_EXERCISE_: Once you reach the line containing "Property photo of" in the data below, restate each line word for word up to and including the one containing "Metal Massacre 4".

_RECORDED DATA_:
========
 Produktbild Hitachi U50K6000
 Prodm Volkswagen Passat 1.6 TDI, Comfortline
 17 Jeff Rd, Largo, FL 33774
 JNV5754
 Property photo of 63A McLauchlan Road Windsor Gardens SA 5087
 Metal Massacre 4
========
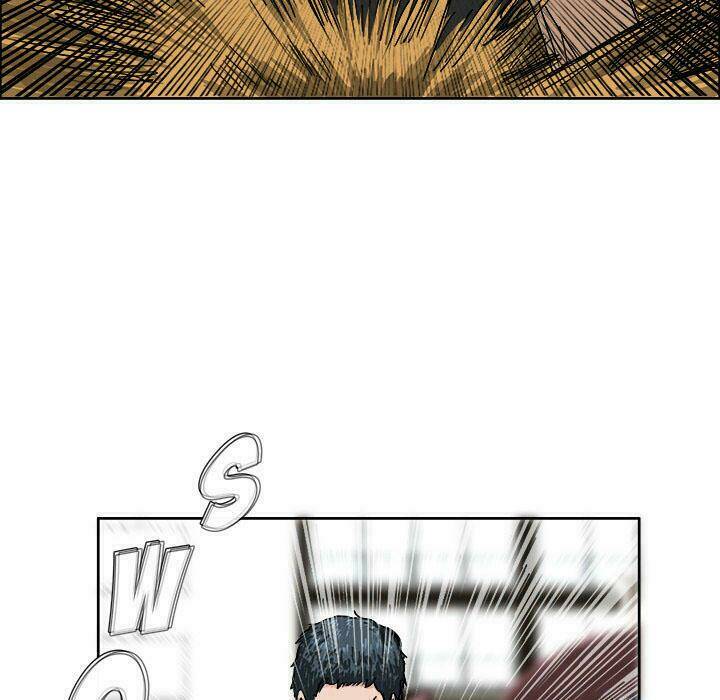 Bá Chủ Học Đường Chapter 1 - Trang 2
========
_RESULT OF THE EXERCISE_:
 Property photo of 63A McLauchlan Road Windsor Gardens SA 5087
 Metal Massacre 4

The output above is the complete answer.